Here is an example. Let’s suppose that you know nothing about BB and overbought and have sold not from the 0.786 level but from 50% resistance level at 1.3850. At this moment daily volatility was 0.947%. You know that you will hold position for 2 weeks or 10 days. Then 10 daily volatility will be 0.947x10^0.5 = 2.994%. Then your 99 % range that price should not exceed in 10 days will be:
From (1.3850 - 1.3850*2.994%*3) till (1.3850*2.994%*3+1.3850) = (1.2605:1.5094). Applying just 95% interval will give you: (1.3020:1.4679). So you can see these levels have not been triggered within this period:
Chart #3 | EUR/USD Daily and daily Historical volatilityThis is good approach, but it demands combination with other money management tools, especially risk-reward ratio and maximum acceptable risk.

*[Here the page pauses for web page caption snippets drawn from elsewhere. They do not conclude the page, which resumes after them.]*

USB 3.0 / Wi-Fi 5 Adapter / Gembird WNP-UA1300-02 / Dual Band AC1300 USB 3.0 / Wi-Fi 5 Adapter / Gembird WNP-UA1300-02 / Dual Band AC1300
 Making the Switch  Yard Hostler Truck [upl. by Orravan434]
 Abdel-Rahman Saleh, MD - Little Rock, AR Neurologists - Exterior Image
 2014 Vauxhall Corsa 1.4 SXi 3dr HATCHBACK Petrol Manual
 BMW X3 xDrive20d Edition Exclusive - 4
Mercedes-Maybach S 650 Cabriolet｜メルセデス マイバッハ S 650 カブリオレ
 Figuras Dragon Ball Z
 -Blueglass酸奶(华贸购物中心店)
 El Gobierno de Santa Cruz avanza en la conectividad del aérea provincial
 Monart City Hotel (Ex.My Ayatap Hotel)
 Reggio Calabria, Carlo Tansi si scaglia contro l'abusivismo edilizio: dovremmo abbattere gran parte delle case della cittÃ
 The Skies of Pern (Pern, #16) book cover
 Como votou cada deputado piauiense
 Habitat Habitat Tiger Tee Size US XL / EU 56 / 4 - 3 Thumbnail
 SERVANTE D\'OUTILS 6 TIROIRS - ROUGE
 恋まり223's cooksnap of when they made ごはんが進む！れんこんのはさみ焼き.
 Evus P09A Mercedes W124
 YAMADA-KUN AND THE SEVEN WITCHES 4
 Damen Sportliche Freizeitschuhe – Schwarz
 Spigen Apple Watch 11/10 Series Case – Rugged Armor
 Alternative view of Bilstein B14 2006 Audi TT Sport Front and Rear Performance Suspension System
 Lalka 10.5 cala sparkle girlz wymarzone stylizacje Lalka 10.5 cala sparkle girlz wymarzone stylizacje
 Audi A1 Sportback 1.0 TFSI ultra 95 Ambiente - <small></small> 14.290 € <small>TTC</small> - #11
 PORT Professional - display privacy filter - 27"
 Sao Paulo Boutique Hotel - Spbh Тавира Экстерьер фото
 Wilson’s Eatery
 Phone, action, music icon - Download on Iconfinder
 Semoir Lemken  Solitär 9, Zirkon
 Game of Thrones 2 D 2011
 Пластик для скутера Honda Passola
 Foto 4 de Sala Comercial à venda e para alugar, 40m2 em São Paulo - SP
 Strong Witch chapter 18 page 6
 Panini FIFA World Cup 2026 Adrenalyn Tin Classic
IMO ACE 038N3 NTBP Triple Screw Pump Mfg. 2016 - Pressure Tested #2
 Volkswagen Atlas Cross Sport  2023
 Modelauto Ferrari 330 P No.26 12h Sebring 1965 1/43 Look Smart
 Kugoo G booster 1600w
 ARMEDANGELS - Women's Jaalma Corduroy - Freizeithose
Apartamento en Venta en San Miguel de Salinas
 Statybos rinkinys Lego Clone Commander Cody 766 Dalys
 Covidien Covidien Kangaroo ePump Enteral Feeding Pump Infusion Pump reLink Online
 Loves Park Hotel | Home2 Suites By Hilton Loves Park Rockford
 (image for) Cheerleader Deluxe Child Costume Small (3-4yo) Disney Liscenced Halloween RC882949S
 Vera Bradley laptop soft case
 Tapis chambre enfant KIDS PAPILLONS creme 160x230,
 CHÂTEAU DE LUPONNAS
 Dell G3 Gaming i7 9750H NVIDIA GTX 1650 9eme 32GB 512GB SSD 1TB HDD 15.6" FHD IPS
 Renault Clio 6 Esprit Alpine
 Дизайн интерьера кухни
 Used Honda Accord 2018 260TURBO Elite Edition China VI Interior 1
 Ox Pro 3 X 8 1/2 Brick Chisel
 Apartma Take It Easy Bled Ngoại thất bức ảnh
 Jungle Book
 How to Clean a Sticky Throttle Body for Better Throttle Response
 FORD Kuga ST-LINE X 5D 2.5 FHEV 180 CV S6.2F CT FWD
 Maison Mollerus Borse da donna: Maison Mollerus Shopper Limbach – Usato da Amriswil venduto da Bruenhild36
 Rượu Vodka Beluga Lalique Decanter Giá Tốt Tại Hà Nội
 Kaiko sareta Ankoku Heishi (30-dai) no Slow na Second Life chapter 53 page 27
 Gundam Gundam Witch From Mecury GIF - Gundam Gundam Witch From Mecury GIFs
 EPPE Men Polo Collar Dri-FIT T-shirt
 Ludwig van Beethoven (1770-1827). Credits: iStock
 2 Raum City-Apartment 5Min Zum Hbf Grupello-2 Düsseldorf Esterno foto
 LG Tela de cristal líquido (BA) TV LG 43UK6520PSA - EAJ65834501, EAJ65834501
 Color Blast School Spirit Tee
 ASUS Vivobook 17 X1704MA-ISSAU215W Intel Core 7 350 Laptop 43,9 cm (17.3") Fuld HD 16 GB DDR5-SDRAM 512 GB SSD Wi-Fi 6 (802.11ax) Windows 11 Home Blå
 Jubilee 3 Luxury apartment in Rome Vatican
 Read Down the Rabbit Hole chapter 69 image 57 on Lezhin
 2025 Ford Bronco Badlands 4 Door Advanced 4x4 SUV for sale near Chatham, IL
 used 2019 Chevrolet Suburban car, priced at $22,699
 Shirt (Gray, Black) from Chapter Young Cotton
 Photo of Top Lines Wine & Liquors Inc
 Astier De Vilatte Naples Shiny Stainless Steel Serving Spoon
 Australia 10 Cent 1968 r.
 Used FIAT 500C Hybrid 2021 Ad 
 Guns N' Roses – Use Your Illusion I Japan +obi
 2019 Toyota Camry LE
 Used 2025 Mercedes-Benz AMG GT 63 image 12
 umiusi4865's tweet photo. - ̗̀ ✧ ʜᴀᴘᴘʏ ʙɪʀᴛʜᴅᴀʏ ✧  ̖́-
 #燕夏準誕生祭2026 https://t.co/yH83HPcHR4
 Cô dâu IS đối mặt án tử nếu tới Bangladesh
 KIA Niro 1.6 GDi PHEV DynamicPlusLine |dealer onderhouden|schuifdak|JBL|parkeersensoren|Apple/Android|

Commander in Pips: There is one last indicator that could be used, but it has a lot of limitations - ATR – Average True Range. Its limitation links with the fact that it estimates average daily range for recent N periods. So, this range could be applicable only for 1 single trading day following after the current day. Here is an example:
Chart #4 | EUR/USD Daily and ATR (21)You can see that at the moment of entry ATR tells us that the average daily range for past 21 periods is about 200 pips. So, it is unlikely that on the next day market will move more than 200 pips as to the upside as to the downside from previous close price – that has happened. But on the next day the lower border easily was broken. The reason is that this range should be counted from the most recent close bar, but not extended in the future as with Historical Volatility. ATR is very useful with different application that we’ve discussed in Charter 20. But it is not very suitable for placing stop order.
Maybe those who trade intraday will find them useful, since they will get daily range by ATR value. If the market will approach upper border – they could try to sell, lower border – to buy.
Pipruit: Well, personally I like Detrended oscillator and Historical volatility most of all.